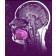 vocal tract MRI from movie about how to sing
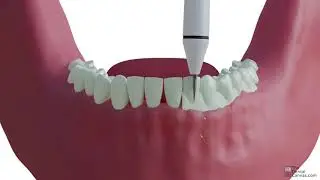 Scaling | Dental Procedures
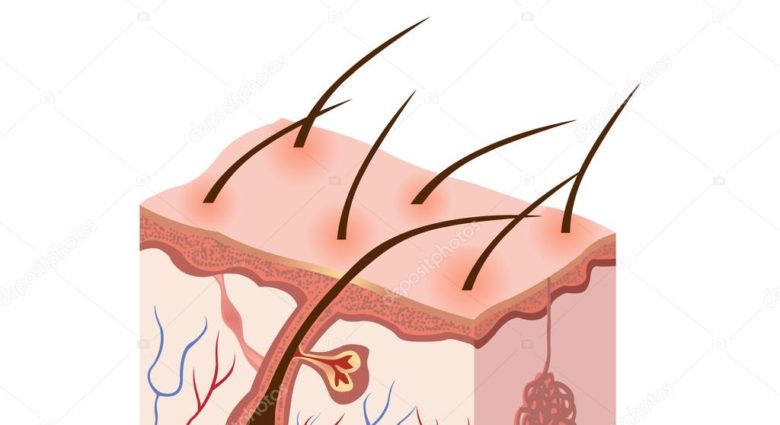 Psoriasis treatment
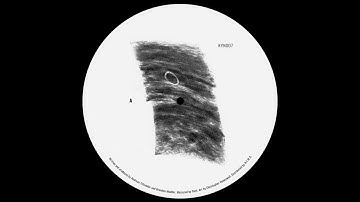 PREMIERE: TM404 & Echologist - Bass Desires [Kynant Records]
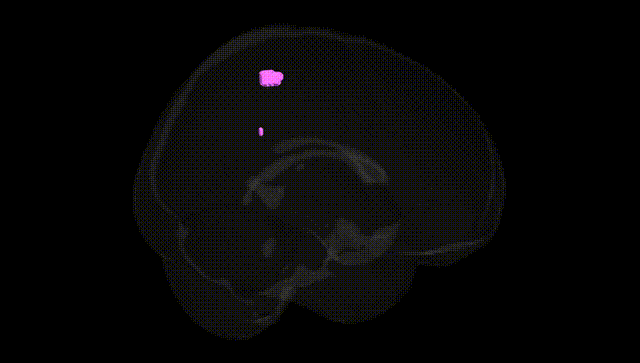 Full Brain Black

WORK TO BE COMPLETED: Every line from the one holding "Psoriasis treatment" through the end of the records above must be reproduced verbatim, pictures excepted.

ANSWER TO THE EXERCISE:
 Psoriasis treatment
 PREMIERE: TM404 & Echologist - Bass Desires [Kynant Records]
 Full Brain Black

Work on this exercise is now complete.